The revised code is shown as follows:

case class Content(
     url: String,
     title: Option[String],
     description: Option[String],
     body: Option[String],
     publishDate: Option[String]
)

def fetchArticles(urlRdd: RDD[String]): RDD[Content] = {
 
  urlRdd mapPartitions { urls =>
 
    val sdf = new SimpleDateFormat("yyyy-MM-dd'T'HH:mm:ssZ")
    val goose = getGooseScraper()
 
    urls map { url =>
 
      try {
 
        val article = goose.extractContent(url)
        var body = None: Option[String]
        var title = None: Option[String]
        var description = None: Option[String]
        var publishDate = None: Option[String]

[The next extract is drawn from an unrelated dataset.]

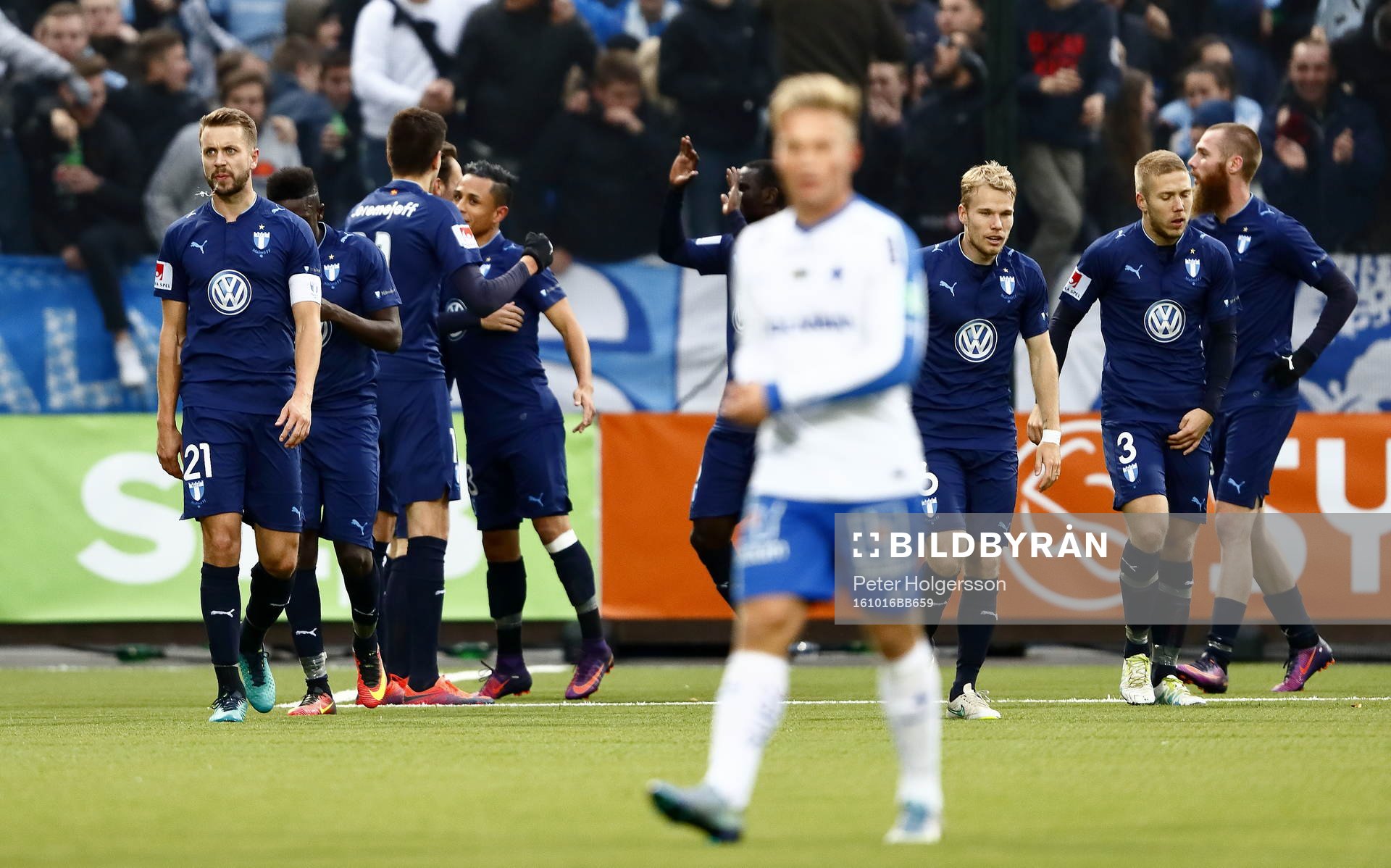 Malmö FFs jublar och Norrköpings Nicklas Bärkroth deppar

        if (StringUtils.isNotEmpty(article.cleanedArticleText))
          body = Some(article.cleanedArticleText)

        if (StringUtils.isNotEmpty(article.title))
          title = Some(article.title)
 
        if (StringUtils.isNotEmpty(article.metaDescription))
          description = Some(article.metaDescription)
 
        if (article.publishDate != null)
          publishDate = Some(sdf.format(article.publishDate))
 
        Content(url, title, description, body, publishDate)
 
      } catch {
        case e: Throwable => Content(url, None, None, None, None)
      }
    }
  }

}

Performance tuning

Although most of the time, the performance of a Spark application can greatly be improved from changes to the code itself (we have seen the concept of using mapPartitions instead of a map function for that exact same purpose), you may also have to find the right balance between the total number of executors, the number of cores per executor, and the memory allocated to each of your containers.

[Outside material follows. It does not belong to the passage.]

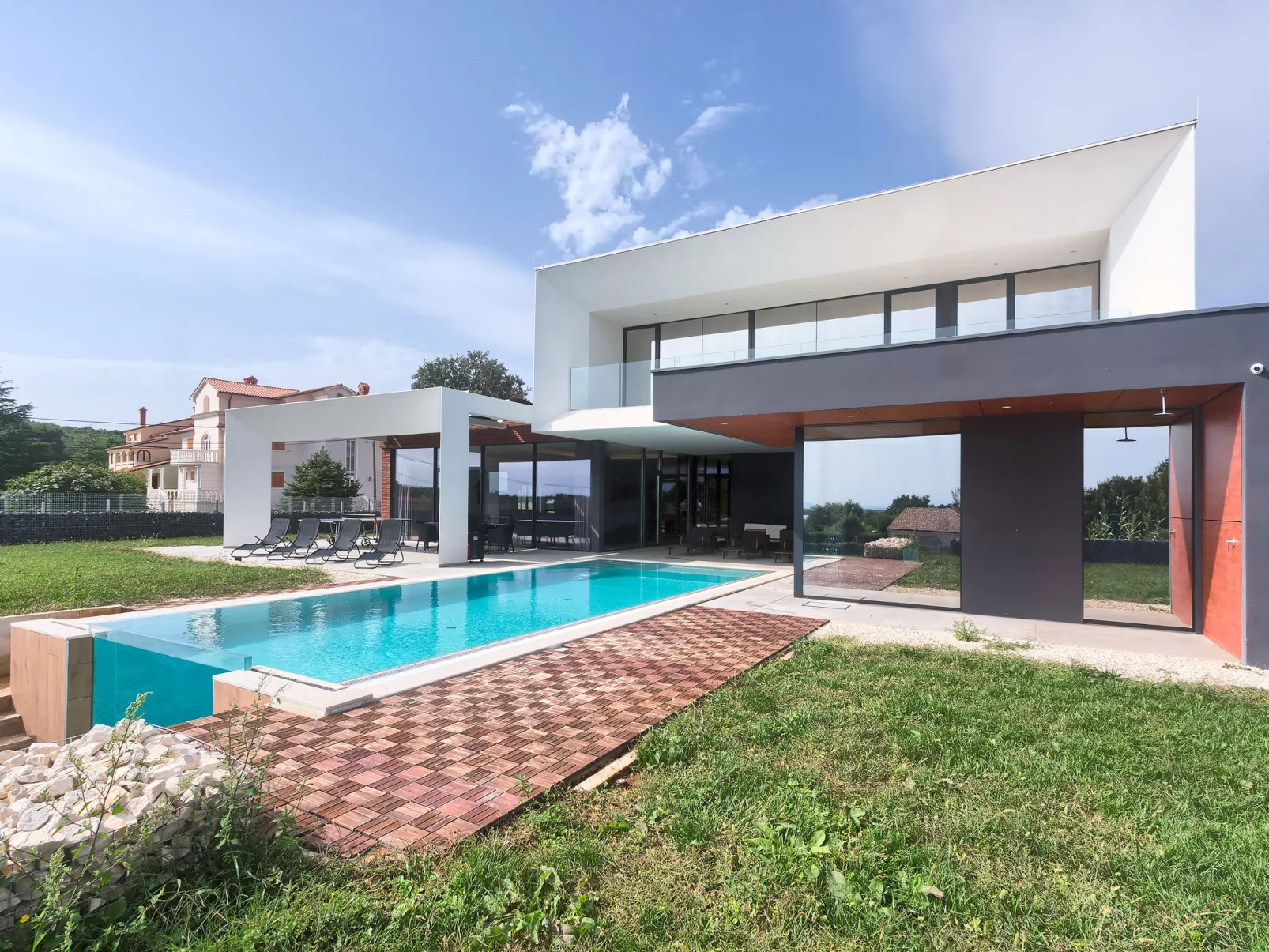 Villa Mediterraneo - Outside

When doing this second kind of application tuning, the first question to ask yourself is whether your application is I/O bound (lots of read/write access), network bound (lots of transfer between nodes), memory, or CPU bound (your tasks usually take too much time to complete).

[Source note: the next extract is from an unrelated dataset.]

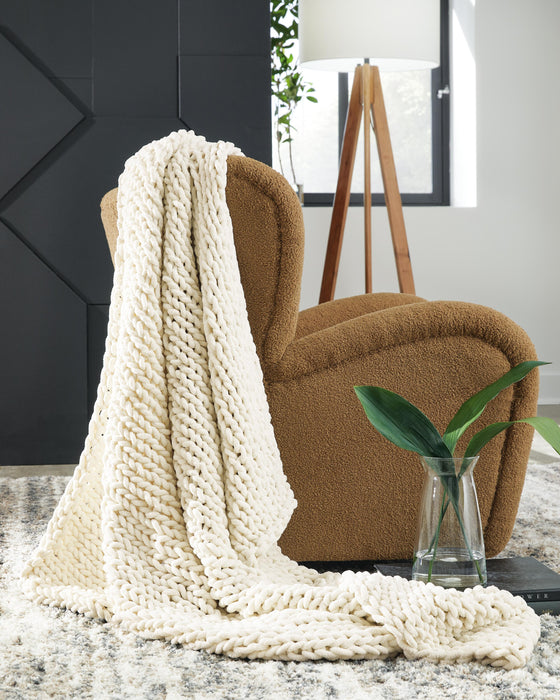 Chaddon Throw - Furniture Source (IA)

It is easy to spot the main bottleneck in our web scraper application. It takes around 30 ms to create a Goose instance, and fetching the HTML of a given URL takes around 3 seconds to complete. We basically spend 99% of our time waiting for a chunk of content to be retrieved, mainly because of the Internet connectivity and website availability. The only way to overcome this issue is to drastically increase the number of executors used in our Spark job. Note that since executors usually sit on different nodes (assuming a correct Hadoop setup), a higher degree of parallelism will not hit the network limit in terms of bandwidth (as it would certainly do on a single node with multiple threads).

Furthermore, it is key to note that no reduce operation (no shuffle) is involved at any stage of this process as this application is a map-only job, making it linearly scalable by nature. Logically speaking, two times more executors would make our scraper two times more performant. To reflect these settings on our application, we need to make sure our data set is partitioned evenly with at least as many partitions as the number of executors we have defined. If our dataset were to fit on a single partition only, only one of our many executors would be used, making our new Spark setup both inadequate and highly inefficient. Repartitioning our collection is a one-off operation (albeit an expensive one) assuming we properly cache and materialize our RDD. We use parallelism of 200 here:

val urlRdd = getDistinctUrls(gdeltRdd).repartition(200)
urlRdd.cache()
urlRdd.count()

val contentRdd: RDD[Content] = fetchArticles(urlRdd)
contentRdd.persist(StorageLevel.DISK_ONLY)
contentRdd.count()

The last thing to remember is to thoroughly cache the returned RDD, as this eliminates the risk that all its lazily defined transformations (including the HTML content fetching) might be re-evaluated on any further action we might call. To stay on the safe side, and because we absolutely do not want to fetch HTML content over the internet twice, we force this caching to take place explicitly by persisting the returned dataset to DISK_ONLY.